= The task =
Pictures stay out of the copy. Transcribe exactly, and only, the line with "Hama 00086442 Ladegerät" through the last line of the entries below.

-- Source material follows --

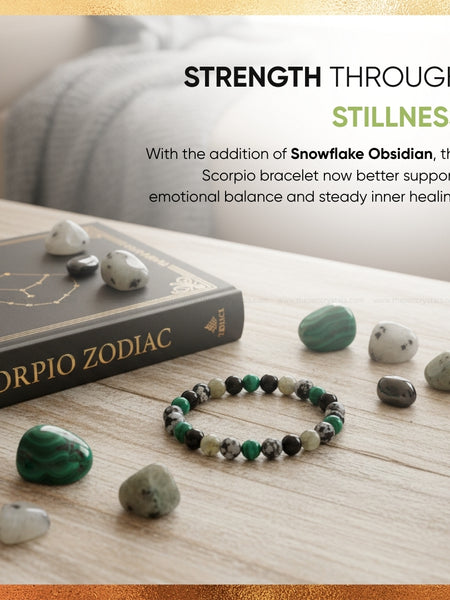 benefits of scorpio zodiac bracelet | the zen crystals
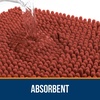 image:imageOLANLY Bathroom Rugs Sets 2 Piece Soft Absorbent Chenille Bath Mats and UShaped Contour Toilet Mat Area Rug Set Machine Washable Bath Carpet Home Decor Accessories 30x2024x20 GreyRustic Terracotta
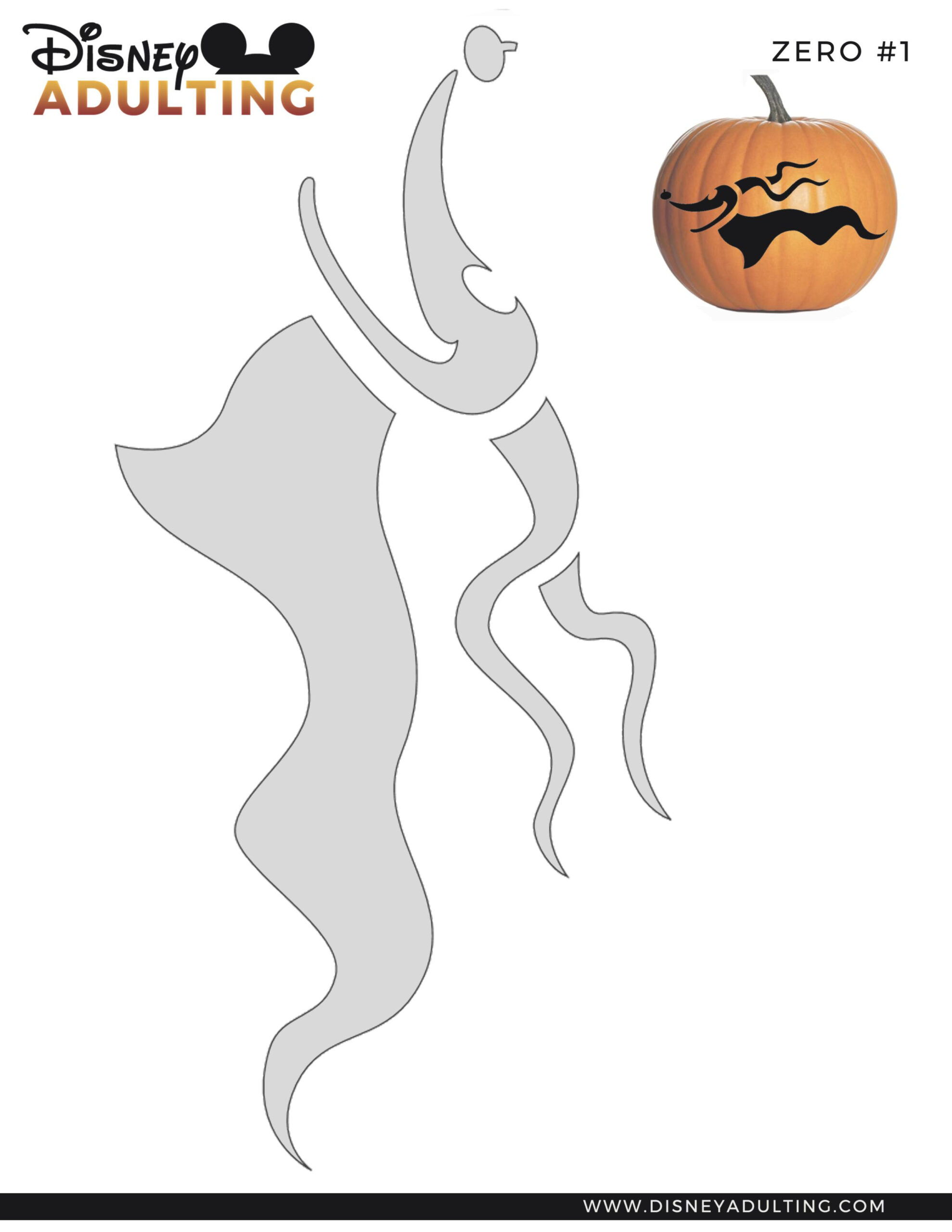 Nightmare Before Christmas: Zero (Pumpkin Stencil - Pumpkin throughout Pumpkin Templates Nightmare Before Christmas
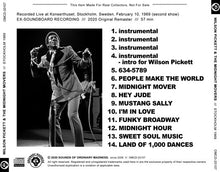 Load image into Gallery viewer, WILSON PICKETT & THE MIDNIGHT MOVERS / LIVE IN STOCKHOLM 1969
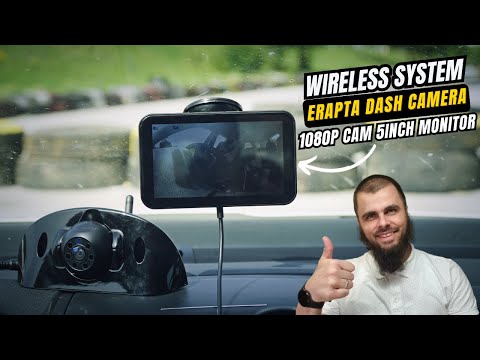 The best Dash Camera for RVs Trucks Vans Bus Trailers? eRapta Wireless Backup System Review 2023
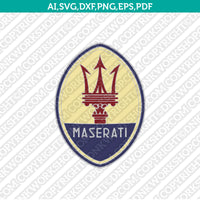Maserati Logo SVG Silhouette Cameo Cricut Cut File Vector Png Eps Dxf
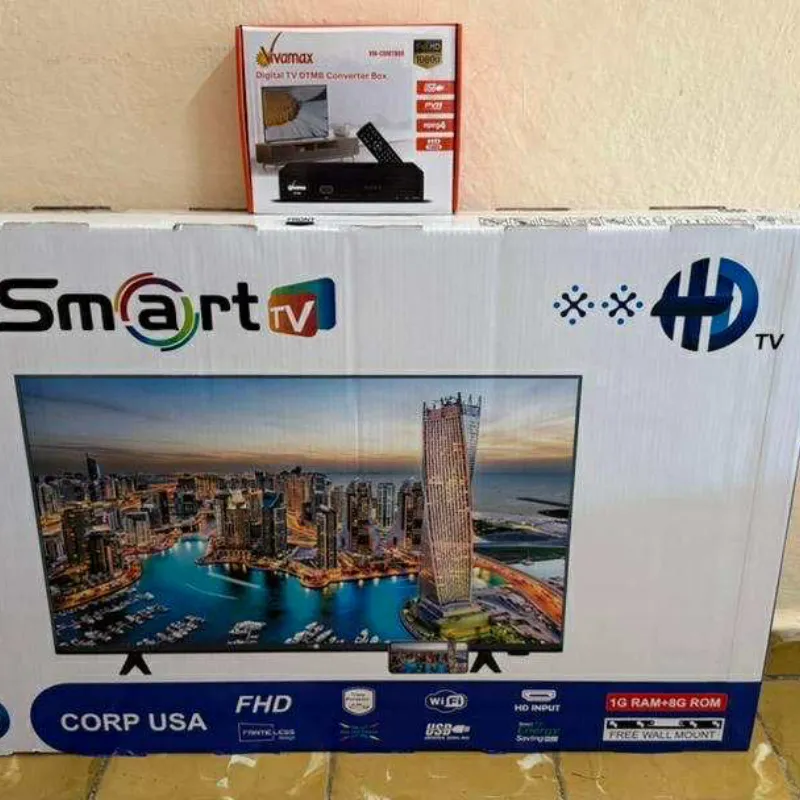 SMart TV de 43 pulgadas con cajita externa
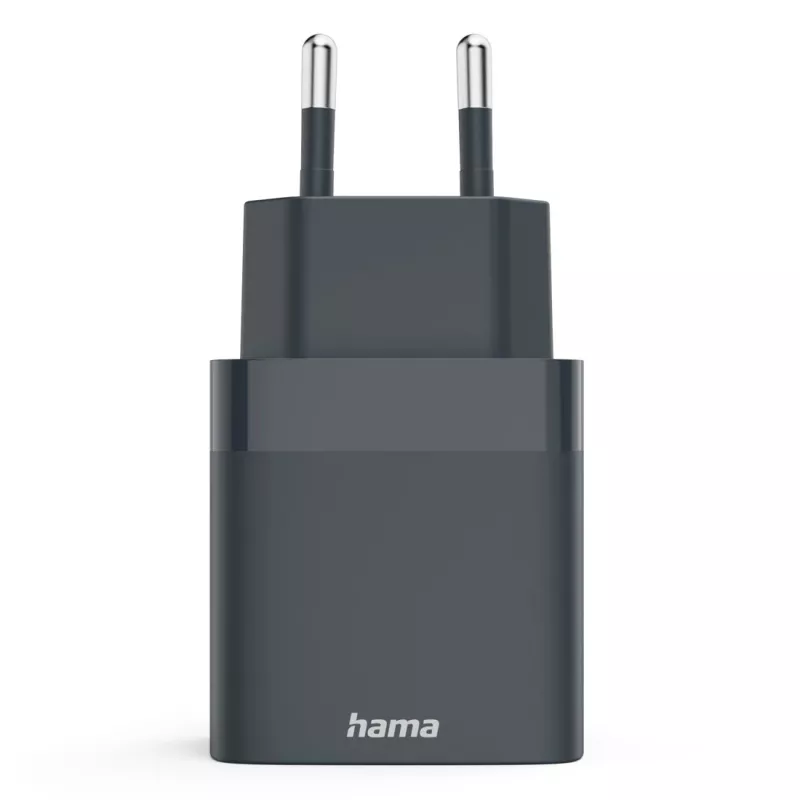 Hama 00086442 Ladegerät für Mobilgeräte Smartphone Grau AC Schnellladung Innenbereich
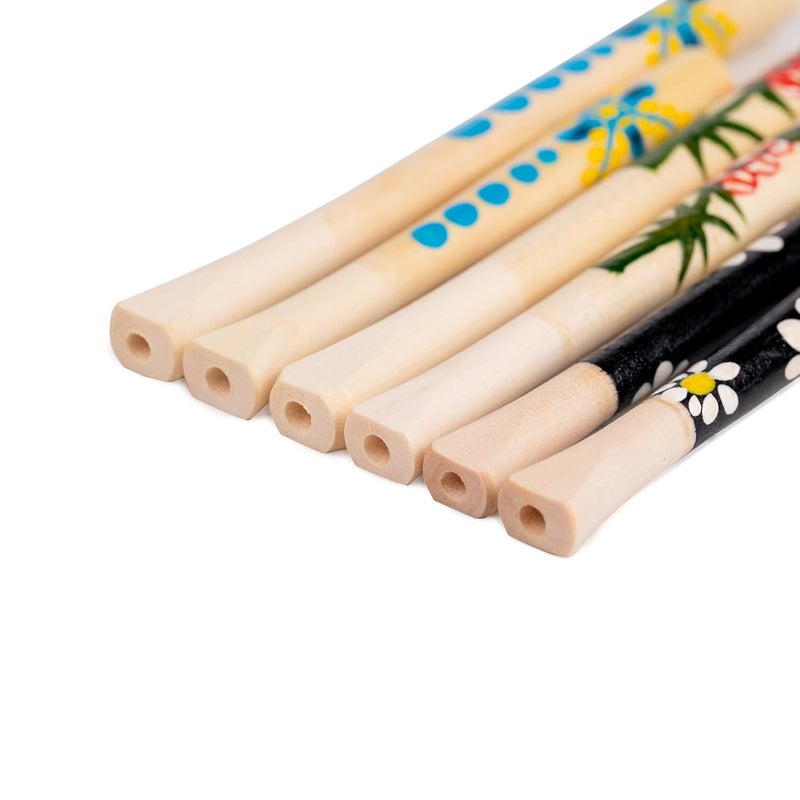 Dr Watson Dr. Watson - Cigarette Holders, Set of 6, fit Regular Size Cigarettes, Handcrafted from Natural Wood - Image 3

-- Source material concluded --

= Answer to this task =
 Hama 00086442 Ladegerät für Mobilgeräte Smartphone Grau AC Schnellladung Innenbereich
 Dr Watson Dr. Watson - Cigarette Holders, Set of 6, fit Regular Size Cigarettes, Handcrafted from Natural Wood - Image 3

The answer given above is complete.